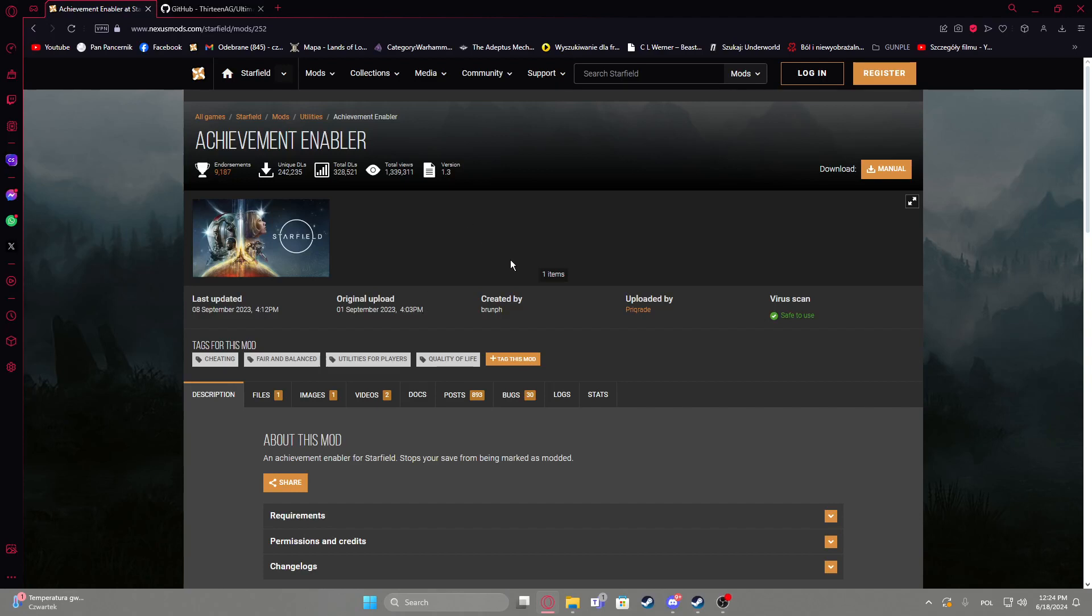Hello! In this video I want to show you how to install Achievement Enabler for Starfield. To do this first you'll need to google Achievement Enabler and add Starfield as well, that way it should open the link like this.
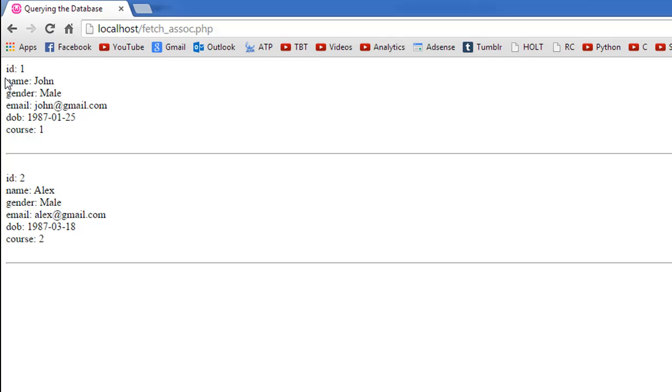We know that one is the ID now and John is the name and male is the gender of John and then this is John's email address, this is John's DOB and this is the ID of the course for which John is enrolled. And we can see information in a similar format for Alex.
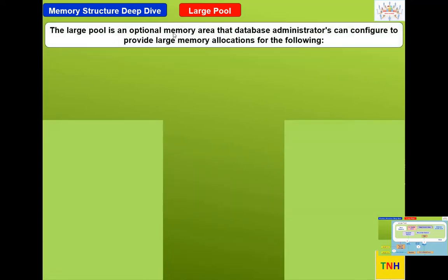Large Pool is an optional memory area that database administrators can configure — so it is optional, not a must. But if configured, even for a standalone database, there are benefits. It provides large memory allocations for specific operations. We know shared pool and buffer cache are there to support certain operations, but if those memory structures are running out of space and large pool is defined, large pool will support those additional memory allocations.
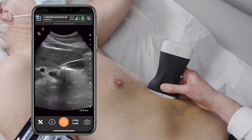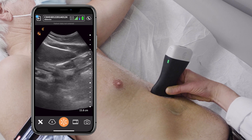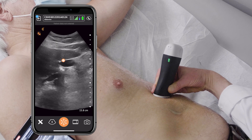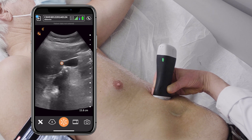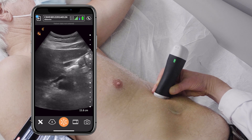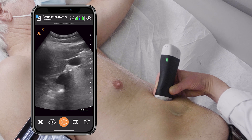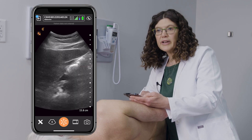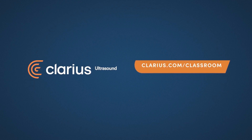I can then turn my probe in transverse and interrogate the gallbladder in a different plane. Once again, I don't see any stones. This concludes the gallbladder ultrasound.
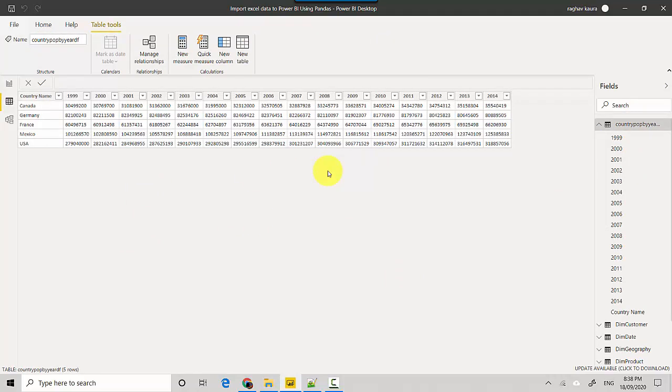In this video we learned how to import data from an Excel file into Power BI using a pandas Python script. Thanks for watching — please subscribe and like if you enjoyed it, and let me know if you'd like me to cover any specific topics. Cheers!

- - -

■ **EXERCISE DETAILS**
A verbatim copy of the data, free of pictures, is the expected answer.

■ **RESPONSE TO THIS EXERCISE**
Hello! In this video I want to show you how to install Achievement Enabler for Starfield. To do this first you'll need to google Achievement Enabler and add Starfield as well, that way it should open the link like this.
We know that one is the ID now and John is the name and male is the gender of John and then this is John's email address, this is John's DOB and this is the ID of the course for which John is enrolled. And we can see information in a similar format for Alex.
Large Pool is an optional memory area that database administrators can configure — so it is optional, not a must. But if configured, even for a standalone database, there are benefits. It provides large memory allocations for specific operations. We know shared pool and buffer cache are there to support certain operations, but if those memory structures are running out of space and large pool is defined, large pool will support those additional memory allocations.
I can then turn my probe in transverse and interrogate the gallbladder in a different plane. Once again, I don't see any stones. This concludes the gallbladder ultrasound.
In this video we learned how to import data from an Excel file into Power BI using a pandas Python script. Thanks for watching — please subscribe and like if you enjoyed it, and let me know if you'd like me to cover any specific topics. Cheers!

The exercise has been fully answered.